If the complainant believes that the agency has failed to comply with
the terms of a settlement agreement or final action, the complainant
shall notify the EEO Director, in writing, of the alleged noncompliance
within 30 days of when the complainant knew or should have known of the
alleged noncompliance. The complainant may request that the terms of
the agreement be specifically implemented, or, alternatively, that the
complaint be reinstated for further processing from the point processing
ceased.
The Commission has consistently held that settlement agreements are
contracts between the complainant and the agency, and it is the intent of
the parties as expressed in the contract, not some unexpressed intention,
that controls the contract's construction. Eggleston v. Department
of Veterans Affairs, EEOC Request No. 05900795 (August 23, 1990).

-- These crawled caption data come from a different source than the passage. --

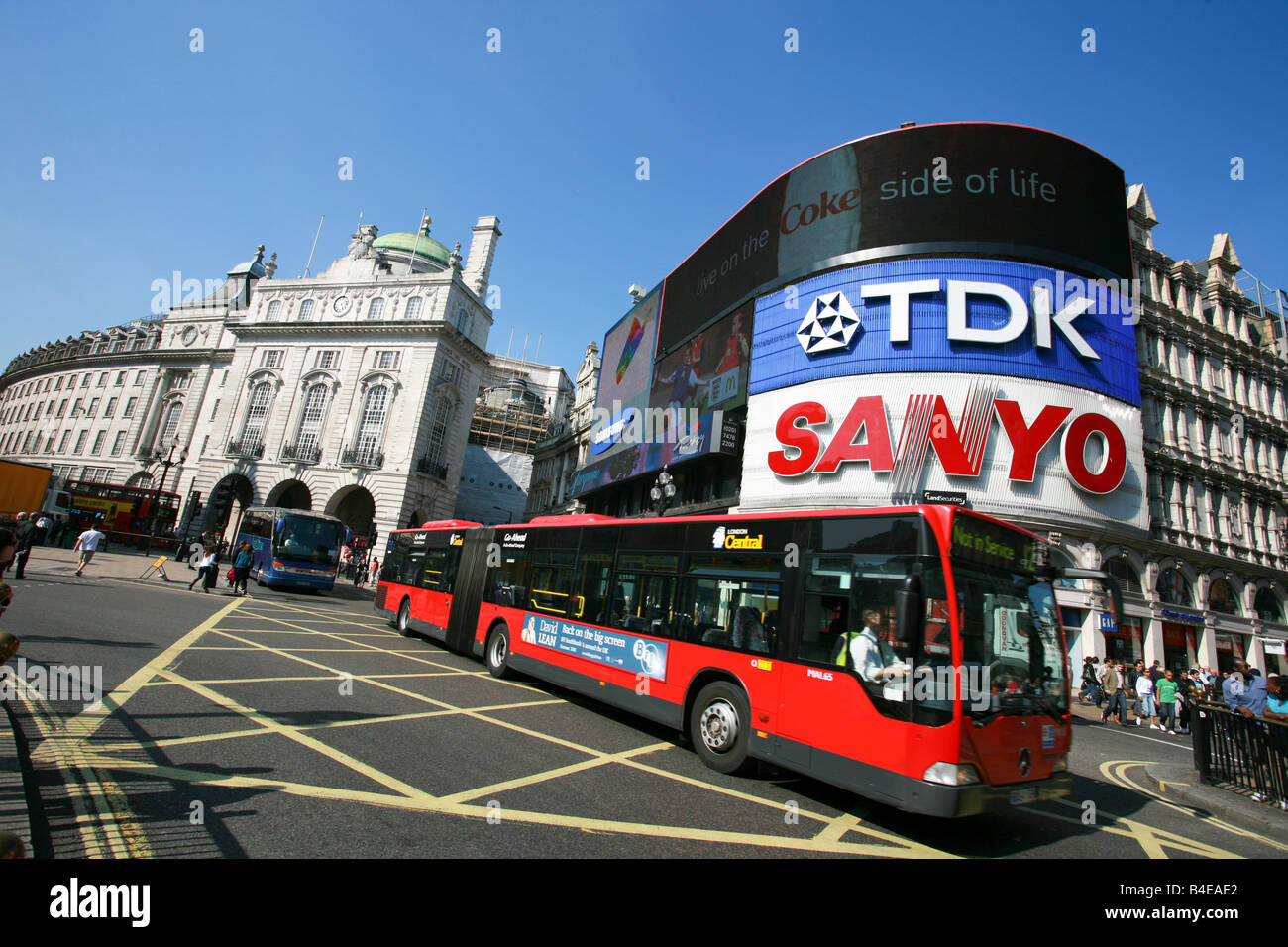Red London double length bendy bus passes in front of famous neon signs in Piccadilly Circus London major tourist landmark UK Stock Photo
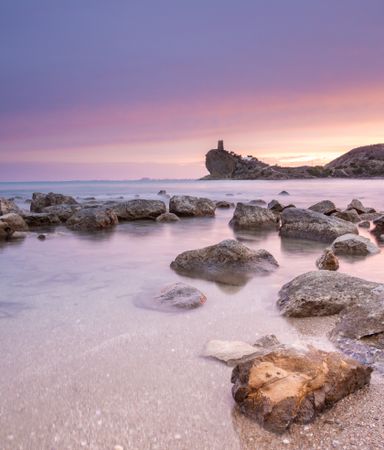 Sundown sky over sea and stony coast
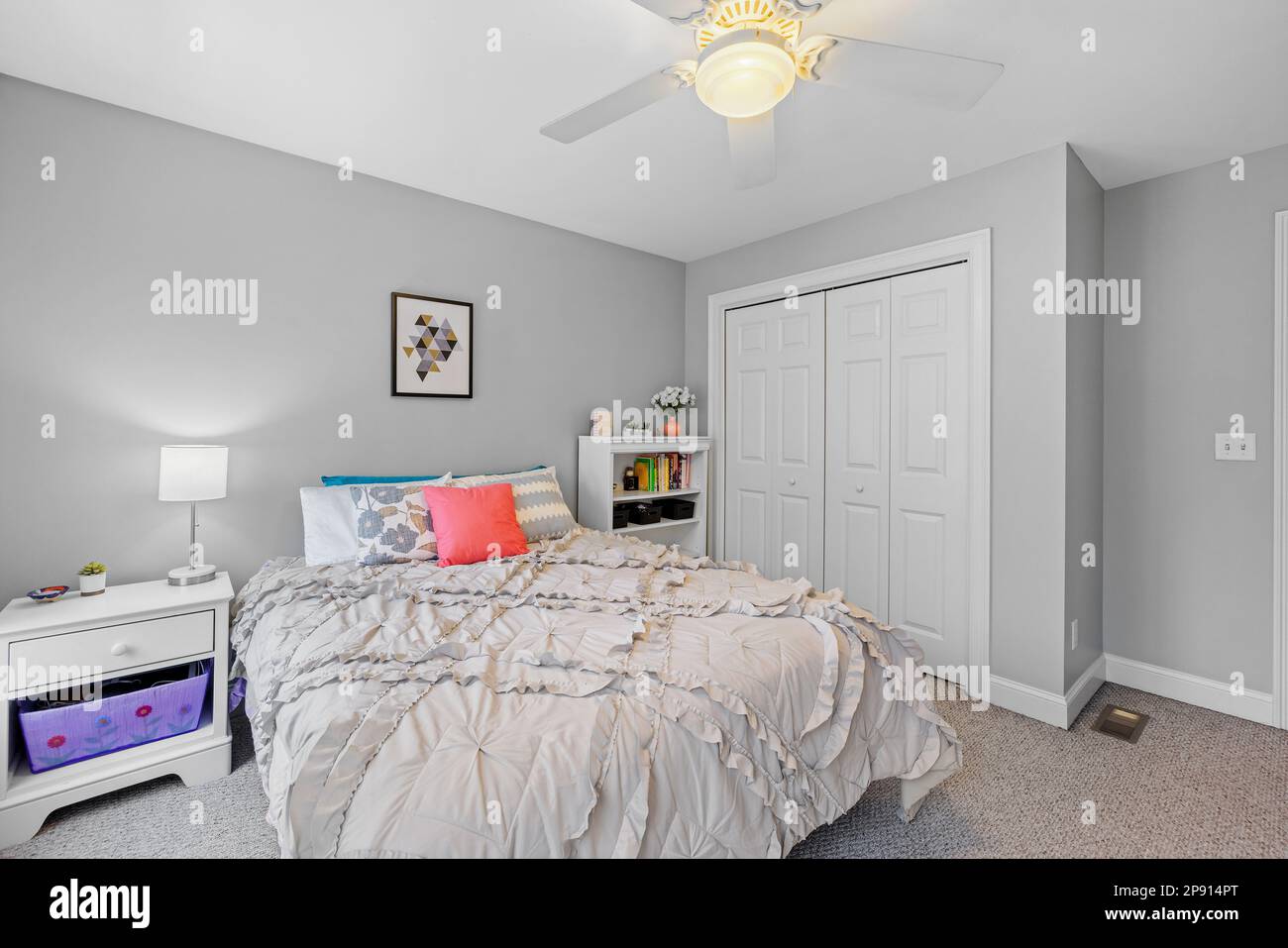 La chambre blanche et confortable dispose d''un petit lit et d''un ventilateur de plafond Banque D'Images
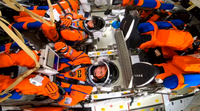 The Artemis II crew inside the capsule.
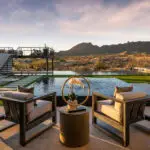 Backyard design with two-story shade structure and pool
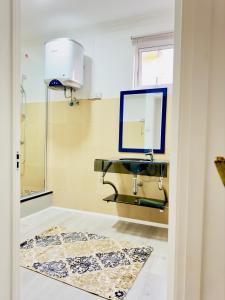 ein Bad mit einem Waschbecken und einem Spiegel in der Unterkunft Vans Haven in Curepipe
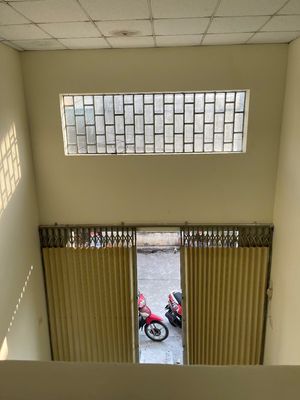 The full Hương Lộ 2 rental house, the car alley, the empty house.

In ascertaining the intent of the parties with regard to the terms of a
settlement agreement, the Commission has generally relied on the plain
meaning rule. See Hyon v. United States Postal Service, EEOC Request
No. 05910787 (December 2, 1991). This rule states that if the writing
appears to be plain and unambiguous on its face, its meaning must be
determined from the four corners of the instrument without resort to
extrinsic evidence of any nature. See Montgomery Elevator Co. v. Building
Eng'g Servs. Co., 730 F.2d 377, 381 (5th Cir. 1984).
In the instant case, we find no bad faith in the negotiation of the
settlement agreement. The record indicates that the agency's policy
toward payment awards is to submit the information to the Internal Revenue
Service for consideration as taxable income. The agency attorney's
adherence to that policy during mediation did not constitute an effort
to mislead complainant. Furthermore, we find that complainant has not
established that she entered into the settlement agreement under duress.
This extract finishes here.